SESSION TITLE: Critical Care Posters

SESSION TYPE: Original Investigation Poster

PRESENTED ON: Wednesday, October 30, 2013 at 01:30 PM - 02:30 PM

PURPOSE: Assess the case rate of Acute Respiratory Distress Syndrome (ARDS) in near hanging, neurologic outcomes and mortality after near-hanging; and evaluate clinical characteristics associated with these outcomes.

METHODS: Single-center, state-wide retrospective, observational study of consecutive patients admitted between August 2002 and September 2011 with a primary diagnosis of “hanging injury”.
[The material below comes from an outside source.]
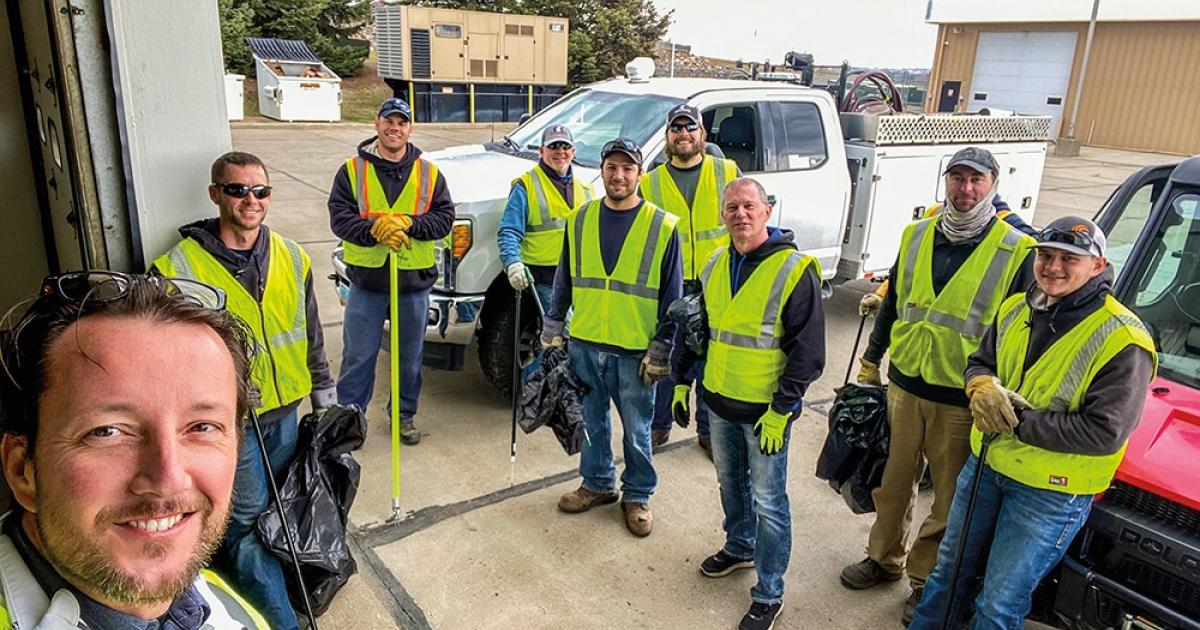 David Straley, front left, joins a group of Capital Electric Cooperative employees in a cleanup effort for a portion of Highway 83 in north Bismarck.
RESULTS: Of 56 patients, 73% (41/56) were male. The median age was 31 (IQR: 16-56). Upon arrival, 9% (5/56) did not have a pulse, and 23% (13/56) patients were intubated, either in the field or in the trauma resuscitation unit. The median Glasgow Coma Scale (GCS) was 13 (IQR: 3-15); 14% (8/56) had a GCS=3. ARDS developed in 9% (5/56) of patients. Traumatic anoxic brain injury resulted in 9% (5/56) of patients with case fatality of 5% (3/56). Lower median GCS [3 (IQR: 3-7) vs. 14 (IQR: 3-15), p=0.0003] and intubation in field or in trauma resuscitation unit [100% (5/5) vs. 16% (8/51), p=0.0003] were associated with the development of ARDS. Risk factors of death were GCS=3 [100% (3/3) vs. 9% (5/53), p=0.002]; pulselessness upon arrival of EMS [100% (3/3) vs. 4% (2/53), p<0.001]; and abnormal neurologic imaging [50% (1/2) vs. zero, p=0.04].
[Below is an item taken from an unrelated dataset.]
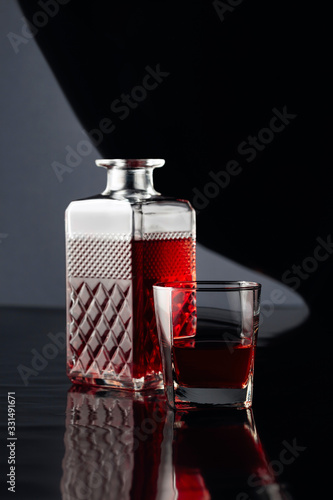 Decanter and glass of whiskey on a black  background.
CONCLUSIONS: The ARDS case rate after near-hanging is similar to the general trauma population. Low GCS and intubation are associated with increased risk of ARDS and death.

CLINICAL IMPLICATIONS: Near-hanging patients are at risk for ARDS. Low GCS and intubation identify patients at high risk for poor outcomes.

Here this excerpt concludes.